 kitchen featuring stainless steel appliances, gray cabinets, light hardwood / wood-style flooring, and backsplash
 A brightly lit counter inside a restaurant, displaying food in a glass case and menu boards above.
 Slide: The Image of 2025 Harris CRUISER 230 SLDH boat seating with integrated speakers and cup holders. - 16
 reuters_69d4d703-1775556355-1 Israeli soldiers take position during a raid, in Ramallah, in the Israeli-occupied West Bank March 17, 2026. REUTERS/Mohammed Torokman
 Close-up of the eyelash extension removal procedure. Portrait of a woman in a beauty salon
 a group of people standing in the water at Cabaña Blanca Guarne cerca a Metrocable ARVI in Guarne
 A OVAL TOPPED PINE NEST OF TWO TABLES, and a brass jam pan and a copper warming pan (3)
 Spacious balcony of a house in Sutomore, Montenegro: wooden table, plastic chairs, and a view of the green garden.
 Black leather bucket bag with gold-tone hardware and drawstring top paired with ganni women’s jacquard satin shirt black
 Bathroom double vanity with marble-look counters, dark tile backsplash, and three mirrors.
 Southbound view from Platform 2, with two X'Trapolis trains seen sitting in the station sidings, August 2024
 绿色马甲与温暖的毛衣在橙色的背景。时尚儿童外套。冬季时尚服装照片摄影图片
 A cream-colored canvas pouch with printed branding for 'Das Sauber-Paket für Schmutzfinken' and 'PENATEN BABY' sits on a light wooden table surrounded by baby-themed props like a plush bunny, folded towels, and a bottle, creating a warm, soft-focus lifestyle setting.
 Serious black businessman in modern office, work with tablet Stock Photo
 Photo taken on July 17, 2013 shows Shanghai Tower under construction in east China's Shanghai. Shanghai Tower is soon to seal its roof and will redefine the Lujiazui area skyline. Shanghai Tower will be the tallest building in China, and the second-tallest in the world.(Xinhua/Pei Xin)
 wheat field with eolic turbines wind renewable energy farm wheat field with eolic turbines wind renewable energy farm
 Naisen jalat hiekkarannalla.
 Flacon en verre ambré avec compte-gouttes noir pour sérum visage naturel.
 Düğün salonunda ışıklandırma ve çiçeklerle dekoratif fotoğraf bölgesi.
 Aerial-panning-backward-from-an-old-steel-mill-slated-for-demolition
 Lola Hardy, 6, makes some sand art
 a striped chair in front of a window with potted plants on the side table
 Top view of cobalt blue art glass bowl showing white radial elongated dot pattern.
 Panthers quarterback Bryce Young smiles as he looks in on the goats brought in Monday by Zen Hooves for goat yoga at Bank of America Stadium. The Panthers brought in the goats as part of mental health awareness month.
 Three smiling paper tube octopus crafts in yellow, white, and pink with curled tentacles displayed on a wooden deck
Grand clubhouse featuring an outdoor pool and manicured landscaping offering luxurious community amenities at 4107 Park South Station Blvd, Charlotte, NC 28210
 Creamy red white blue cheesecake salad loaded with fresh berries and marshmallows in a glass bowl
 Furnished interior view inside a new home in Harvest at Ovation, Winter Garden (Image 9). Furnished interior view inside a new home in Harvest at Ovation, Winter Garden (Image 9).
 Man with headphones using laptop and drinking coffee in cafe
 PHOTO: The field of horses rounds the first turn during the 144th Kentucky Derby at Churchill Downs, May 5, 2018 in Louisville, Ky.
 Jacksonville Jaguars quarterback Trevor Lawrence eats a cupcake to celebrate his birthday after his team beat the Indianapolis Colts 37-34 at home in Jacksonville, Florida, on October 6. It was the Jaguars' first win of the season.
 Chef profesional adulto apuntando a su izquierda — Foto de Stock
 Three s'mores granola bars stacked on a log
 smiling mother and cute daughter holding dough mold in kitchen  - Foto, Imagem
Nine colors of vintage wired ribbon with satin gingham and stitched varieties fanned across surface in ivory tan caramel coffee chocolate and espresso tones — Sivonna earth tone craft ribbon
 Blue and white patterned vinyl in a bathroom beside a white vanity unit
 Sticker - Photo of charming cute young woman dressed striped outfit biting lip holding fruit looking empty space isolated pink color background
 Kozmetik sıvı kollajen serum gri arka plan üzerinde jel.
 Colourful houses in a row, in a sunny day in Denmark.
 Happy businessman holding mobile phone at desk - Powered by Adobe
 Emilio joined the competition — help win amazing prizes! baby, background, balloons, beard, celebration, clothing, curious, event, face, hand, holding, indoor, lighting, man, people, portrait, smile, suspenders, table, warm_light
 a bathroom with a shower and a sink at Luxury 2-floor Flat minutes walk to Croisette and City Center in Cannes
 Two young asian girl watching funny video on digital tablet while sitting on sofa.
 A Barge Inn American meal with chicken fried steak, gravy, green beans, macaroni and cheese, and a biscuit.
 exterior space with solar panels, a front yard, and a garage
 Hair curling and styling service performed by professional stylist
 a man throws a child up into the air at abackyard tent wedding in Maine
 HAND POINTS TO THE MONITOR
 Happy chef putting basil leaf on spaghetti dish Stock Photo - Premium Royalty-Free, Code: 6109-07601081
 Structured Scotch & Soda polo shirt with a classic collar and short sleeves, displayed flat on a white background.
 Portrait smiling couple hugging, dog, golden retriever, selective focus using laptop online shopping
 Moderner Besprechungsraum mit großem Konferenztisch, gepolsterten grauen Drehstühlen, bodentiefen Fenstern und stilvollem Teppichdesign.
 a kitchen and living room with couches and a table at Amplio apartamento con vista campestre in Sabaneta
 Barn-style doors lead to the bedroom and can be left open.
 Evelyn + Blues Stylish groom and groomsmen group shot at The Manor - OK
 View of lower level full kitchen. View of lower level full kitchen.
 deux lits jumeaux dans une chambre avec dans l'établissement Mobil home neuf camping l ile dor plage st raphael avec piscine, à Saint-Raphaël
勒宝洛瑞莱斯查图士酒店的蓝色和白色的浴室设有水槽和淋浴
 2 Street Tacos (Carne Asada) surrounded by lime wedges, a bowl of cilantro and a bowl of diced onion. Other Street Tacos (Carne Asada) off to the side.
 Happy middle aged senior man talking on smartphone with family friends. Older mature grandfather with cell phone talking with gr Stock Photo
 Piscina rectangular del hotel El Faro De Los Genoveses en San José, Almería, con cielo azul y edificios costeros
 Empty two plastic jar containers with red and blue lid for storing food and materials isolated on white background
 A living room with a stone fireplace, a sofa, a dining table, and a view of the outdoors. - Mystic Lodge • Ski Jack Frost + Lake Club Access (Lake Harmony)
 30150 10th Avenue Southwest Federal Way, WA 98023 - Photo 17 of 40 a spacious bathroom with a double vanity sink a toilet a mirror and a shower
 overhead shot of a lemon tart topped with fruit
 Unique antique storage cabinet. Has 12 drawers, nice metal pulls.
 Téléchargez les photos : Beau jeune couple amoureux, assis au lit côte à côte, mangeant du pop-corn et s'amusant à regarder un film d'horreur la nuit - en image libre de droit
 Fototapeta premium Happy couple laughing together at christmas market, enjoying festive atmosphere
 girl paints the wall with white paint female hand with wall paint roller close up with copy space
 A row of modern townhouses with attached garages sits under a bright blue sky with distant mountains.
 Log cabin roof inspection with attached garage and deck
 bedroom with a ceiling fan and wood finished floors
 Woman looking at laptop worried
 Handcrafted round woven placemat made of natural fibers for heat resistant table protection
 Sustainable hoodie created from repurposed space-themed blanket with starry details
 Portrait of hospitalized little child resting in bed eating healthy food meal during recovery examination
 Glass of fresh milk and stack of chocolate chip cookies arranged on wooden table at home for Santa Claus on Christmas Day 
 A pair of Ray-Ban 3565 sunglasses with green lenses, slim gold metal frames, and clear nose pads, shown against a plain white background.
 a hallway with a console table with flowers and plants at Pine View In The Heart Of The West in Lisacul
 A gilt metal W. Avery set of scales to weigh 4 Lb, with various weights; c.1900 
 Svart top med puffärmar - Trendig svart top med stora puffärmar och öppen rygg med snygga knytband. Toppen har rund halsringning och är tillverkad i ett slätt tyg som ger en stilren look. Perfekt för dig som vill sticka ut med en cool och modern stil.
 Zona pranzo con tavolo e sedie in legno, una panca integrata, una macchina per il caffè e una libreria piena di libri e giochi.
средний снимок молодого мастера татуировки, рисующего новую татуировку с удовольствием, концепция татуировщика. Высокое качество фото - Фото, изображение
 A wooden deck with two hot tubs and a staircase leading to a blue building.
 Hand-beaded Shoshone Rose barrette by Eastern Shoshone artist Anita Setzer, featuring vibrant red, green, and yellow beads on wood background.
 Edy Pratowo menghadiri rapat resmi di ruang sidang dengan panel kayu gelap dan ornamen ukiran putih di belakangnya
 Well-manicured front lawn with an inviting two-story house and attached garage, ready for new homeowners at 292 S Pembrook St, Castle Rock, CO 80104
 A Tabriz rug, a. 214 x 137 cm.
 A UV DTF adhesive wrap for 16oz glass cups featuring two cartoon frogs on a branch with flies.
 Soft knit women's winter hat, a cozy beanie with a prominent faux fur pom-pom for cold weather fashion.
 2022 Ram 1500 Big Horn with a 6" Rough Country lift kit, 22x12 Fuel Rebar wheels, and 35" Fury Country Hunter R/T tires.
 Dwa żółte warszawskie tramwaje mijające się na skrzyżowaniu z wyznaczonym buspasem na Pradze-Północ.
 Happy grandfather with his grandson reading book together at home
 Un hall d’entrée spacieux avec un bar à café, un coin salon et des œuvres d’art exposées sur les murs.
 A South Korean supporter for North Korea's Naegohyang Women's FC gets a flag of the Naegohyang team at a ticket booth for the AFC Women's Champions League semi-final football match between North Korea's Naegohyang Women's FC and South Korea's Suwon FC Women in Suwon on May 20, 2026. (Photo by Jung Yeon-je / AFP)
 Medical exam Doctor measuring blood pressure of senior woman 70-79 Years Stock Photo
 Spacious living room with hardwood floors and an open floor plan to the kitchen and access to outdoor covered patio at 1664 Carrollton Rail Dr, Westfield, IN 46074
•••
### Problem requirements
Would you filter the records and copy out each line containing "baby"?

### The answer
 A cream-colored canvas pouch with printed branding for 'Das Sauber-Paket für Schmutzfinken' and 'PENATEN BABY' sits on a light wooden table surrounded by baby-themed props like a plush bunny, folded towels, and a bottle, creating a warm, soft-focus lifestyle setting.
 Emilio joined the competition — help win amazing prizes! baby, background, balloons, beard, celebration, clothing, curious, event, face, hand, holding, indoor, lighting, man, people, portrait, smile, suspenders, table, warm_light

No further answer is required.